• _RECORDS FOR PROCESSING_:
####################
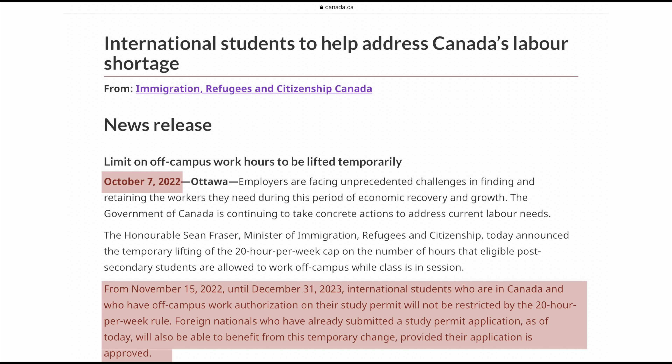Unless the government decides to extend it — but do not let this stop you from applying, because we've seen the government put a new policy in place and keep extending it, so my hope is that they will. But be aware: people announcing that all international students can work 40 hours — if you applied after the date the announcement was made, you would not be qualified. Be aware, because immigration consultants and lawyers tell you what you want to hear, so you have to do your own research. I'm not a lawyer, but I'm an engineer and I know how to read between the lines.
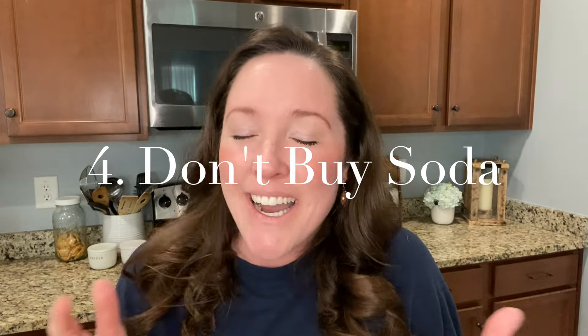Number four — don't buy soda. This kind of goes along with the snacky food thing. Ever since my family stopped buying soda — and I am such a Mountain Dew person, I will be the first to admit I'm addicted to Mountain Dew — it saved us a lot of money. I still splurge when I'm out working, on a date, or at a restaurant with a friend, but those occasions are infrequent.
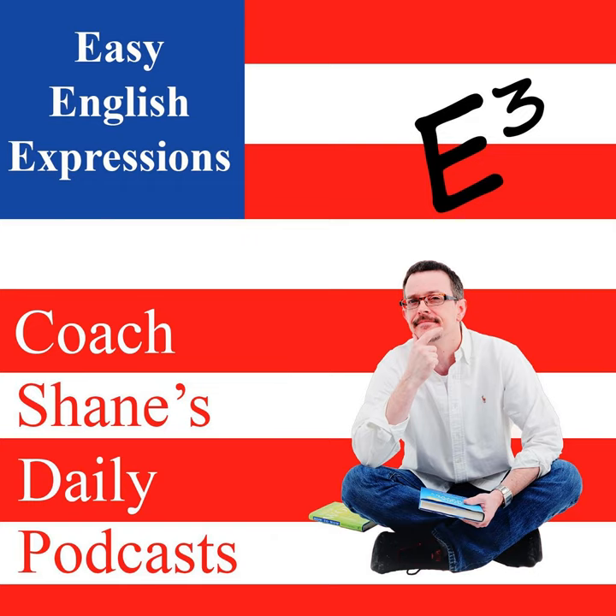Hello everybody. My name is Coach Shane, and welcome to Easy English Expressions. Come on, let's master English.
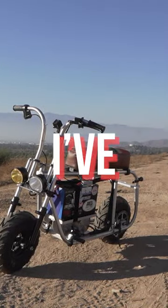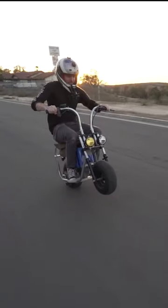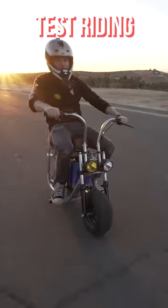This is the cutest f***ing thing I've ever seen. Today I'm in Riverside, California, test riding the Dingo.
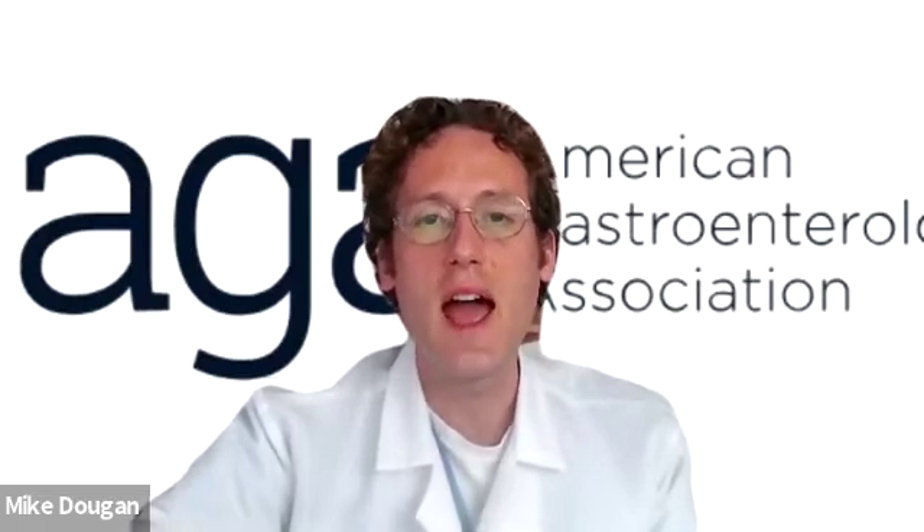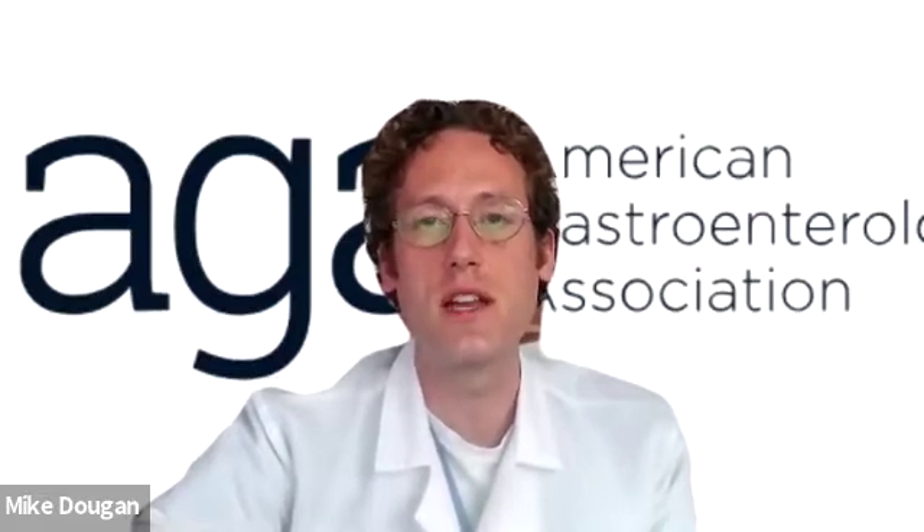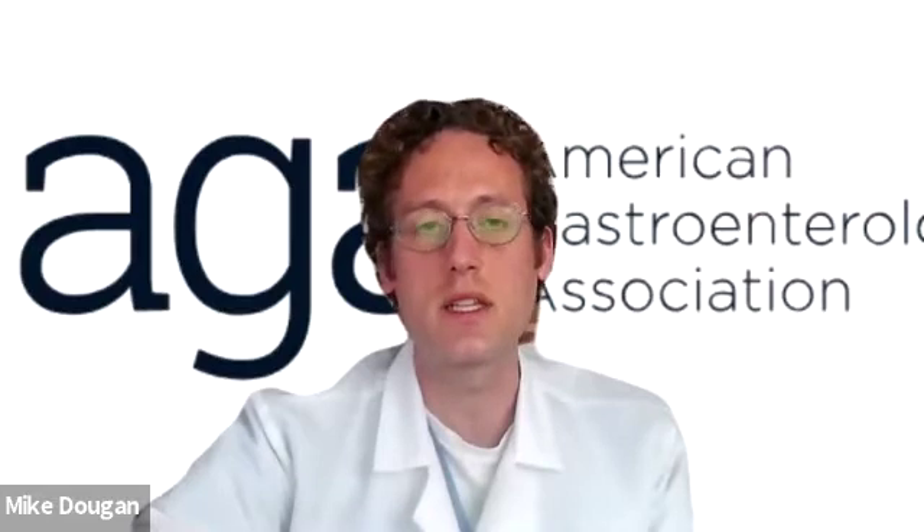He's at the Cleveland Clinic, and Joseph Lim, who is at Yale University and is the chair of this clinical practice update committee, to develop a clinical practice update with best practice advice for checkpoint inhibitor colitis and hepatitis.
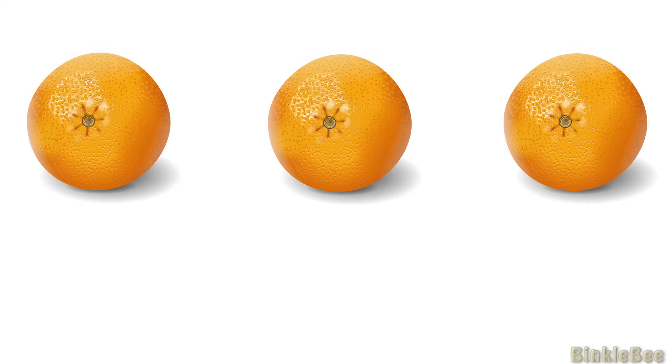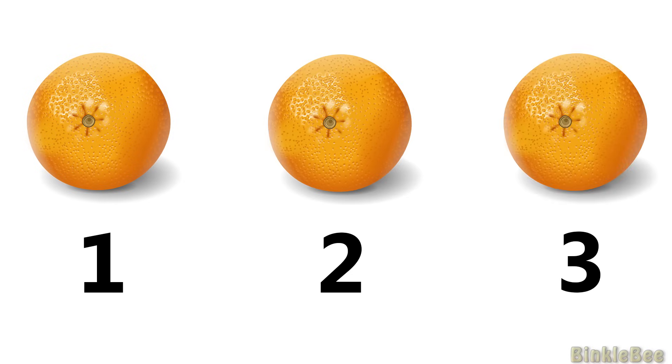How many oranges do you see? Super! There are 3 oranges. 1, 2, 3.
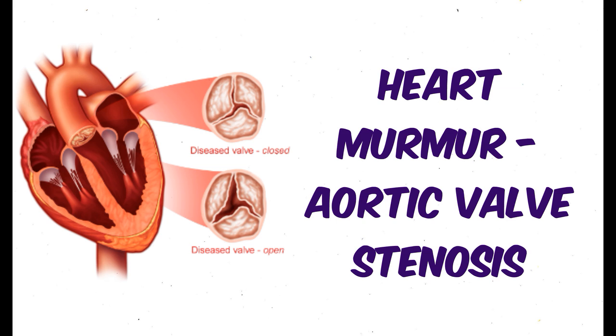I will begin with three normal beats and then add the murmur. This murmur has a diamond shape and ends before the aortic component of the second heart sound. This murmur is due to the pressure gradient between the left ventricle and the aorta in systole.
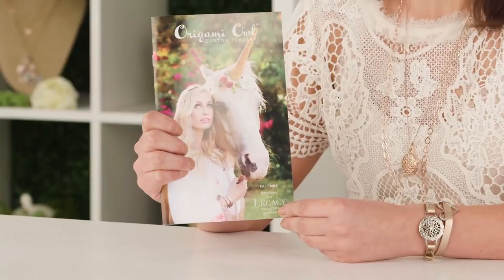Our fall 2016 collection is all about finding magic in your everyday ordinary life and with that we brought you not only some adorable charms and magical pieces but brilliant sophistication.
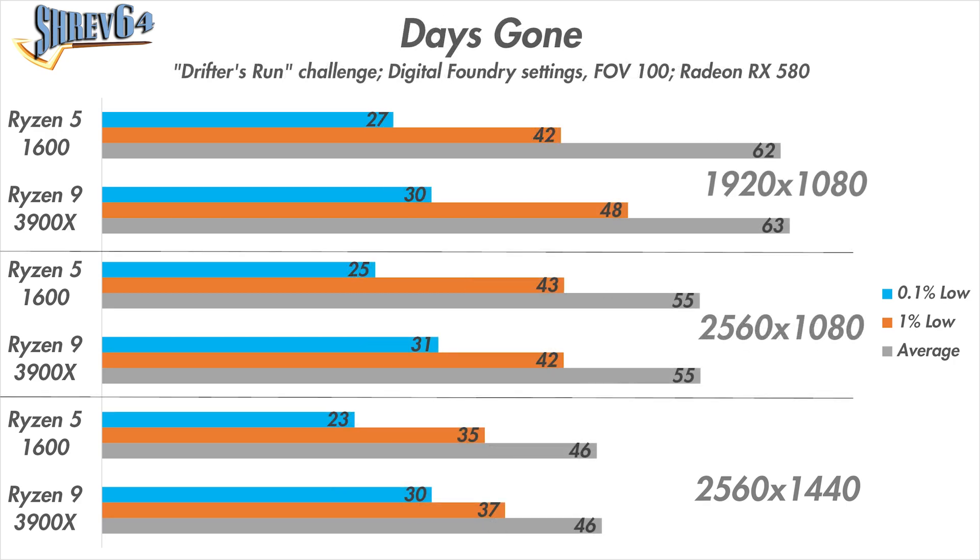Moving on to Days Gone, we see similar performance. While there are minor uplifts in the 0.1% and 1% lows across the three resolutions, the performance by and large is still very much the same at all three resolutions between both processors.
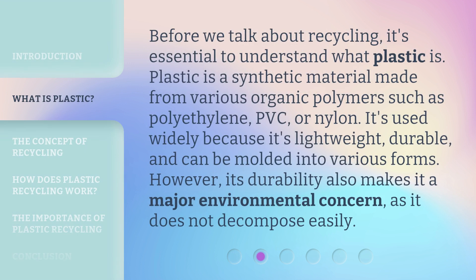Before we talk about recycling, it's essential to understand what plastic is. Plastic is a synthetic material made from various organic polymers such as polyethylene, PVC, or nylon.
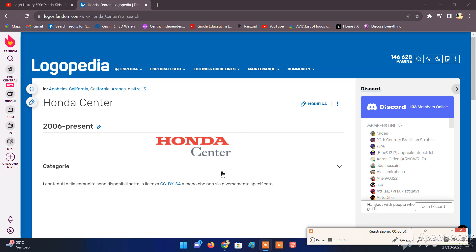Hello everybody! Welcome back to Logo History. For today's episode we're going to be talking about Honda Center. So, let's start.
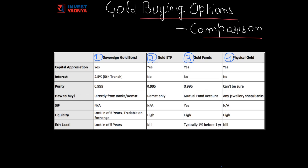All four options are tracked directly to gold prices, and any change in gold prices brings a change in the value of these options. So if there is any capital appreciation in gold prices, all of them will appreciate. The second parameter is interest, which is changing the way we look at return on investment in gold. Sovereign Gold Bonds provide a 2.5% interest rate over and above capital appreciation, whereas all other options do not provide any interest rate. This interest rate is the biggest attraction of Sovereign Gold Bonds.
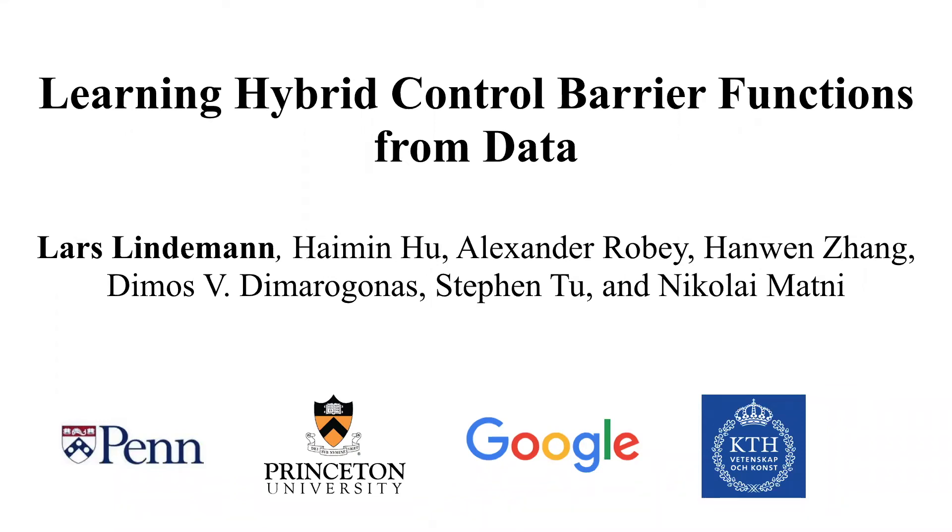Hey everybody, so today I'm going to present our work on learning hybrid control barrier functions from data. I'm Lars Lindemann, a postdoc at Penn, and this is joint work together with three brilliant students: Hyman Hu from Princeton University, Alex Rubey and Han-Wen Sang from Penn, Professor Dimas de Marogonas from KDH, Stephen Tu from Google Brain, and Professor Nikolai Matney from Penn.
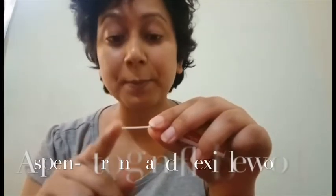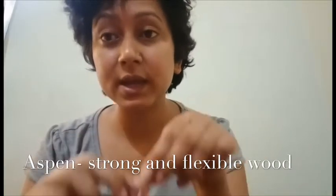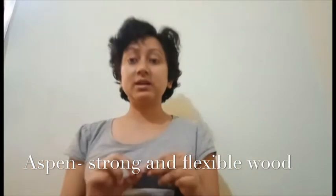Now the wood of a matchstick is also no common wood. It is made up of a very flexible and strong wood called apsom, which is dipped in wax to make it evenly spread the fire that is caused by the burning of sulfur.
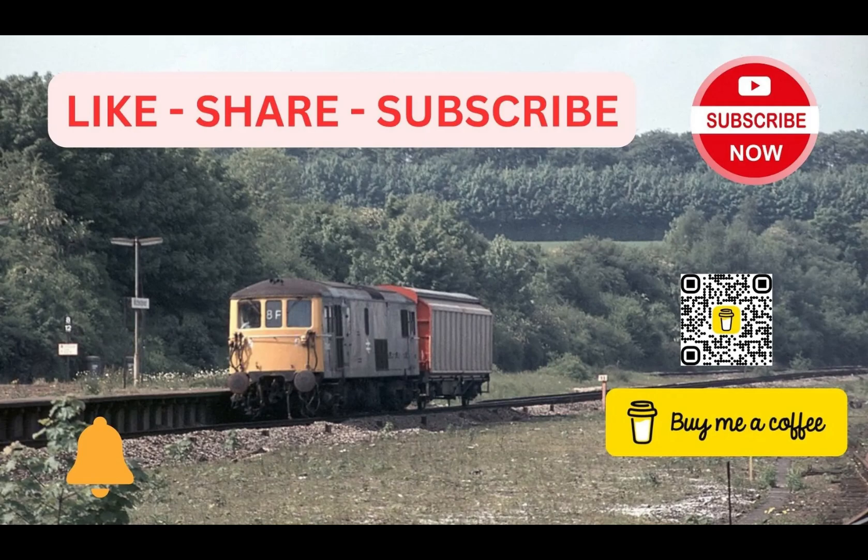Anyway, hope you enjoy the video. Please like, share, subscribe. Also look out for the Class 33 video, which is the one coming next if you're a Southern Region loco fan. Enjoy.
####################
Transcribe every entry exactly, omitting pictures.

Unless the government decides to extend it — but do not let this stop you from applying, because we've seen the government put a new policy in place and keep extending it, so my hope is that they will. But be aware: people announcing that all international students can work 40 hours — if you applied after the date the announcement was made, you would not be qualified. Be aware, because immigration consultants and lawyers tell you what you want to hear, so you have to do your own research. I'm not a lawyer, but I'm an engineer and I know how to read between the lines.
Number four — don't buy soda. This kind of goes along with the snacky food thing. Ever since my family stopped buying soda — and I am such a Mountain Dew person, I will be the first to admit I'm addicted to Mountain Dew — it saved us a lot of money. I still splurge when I'm out working, on a date, or at a restaurant with a friend, but those occasions are infrequent.
Hello everybody. My name is Coach Shane, and welcome to Easy English Expressions. Come on, let's master English.
This is the cutest f***ing thing I've ever seen. Today I'm in Riverside, California, test riding the Dingo.
He's at the Cleveland Clinic, and Joseph Lim, who is at Yale University and is the chair of this clinical practice update committee, to develop a clinical practice update with best practice advice for checkpoint inhibitor colitis and hepatitis.
How many oranges do you see? Super! There are 3 oranges. 1, 2, 3.
I will begin with three normal beats and then add the murmur. This murmur has a diamond shape and ends before the aortic component of the second heart sound. This murmur is due to the pressure gradient between the left ventricle and the aorta in systole.
Our fall 2016 collection is all about finding magic in your everyday ordinary life and with that we brought you not only some adorable charms and magical pieces but brilliant sophistication.
Moving on to Days Gone, we see similar performance. While there are minor uplifts in the 0.1% and 1% lows across the three resolutions, the performance by and large is still very much the same at all three resolutions between both processors.
Before we talk about recycling, it's essential to understand what plastic is. Plastic is a synthetic material made from various organic polymers such as polyethylene, PVC, or nylon.
Hello everybody! Welcome back to Logo History. For today's episode we're going to be talking about Honda Center. So, let's start.
All four options are tracked directly to gold prices, and any change in gold prices brings a change in the value of these options. So if there is any capital appreciation in gold prices, all of them will appreciate. The second parameter is interest, which is changing the way we look at return on investment in gold. Sovereign Gold Bonds provide a 2.5% interest rate over and above capital appreciation, whereas all other options do not provide any interest rate. This interest rate is the biggest attraction of Sovereign Gold Bonds.
Hey everybody, so today I'm going to present our work on learning hybrid control barrier functions from data. I'm Lars Lindemann, a postdoc at Penn, and this is joint work together with three brilliant students: Hyman Hu from Princeton University, Alex Rubey and Han-Wen Sang from Penn, Professor Dimas de Marogonas from KDH, Stephen Tu from Google Brain, and Professor Nikolai Matney from Penn.
Now the wood of a matchstick is also no common wood. It is made up of a very flexible and strong wood called apsom, which is dipped in wax to make it evenly spread the fire that is caused by the burning of sulfur.
Anyway, hope you enjoy the video. Please like, share, subscribe. Also look out for the Class 33 video, which is the one coming next if you're a Southern Region loco fan. Enjoy.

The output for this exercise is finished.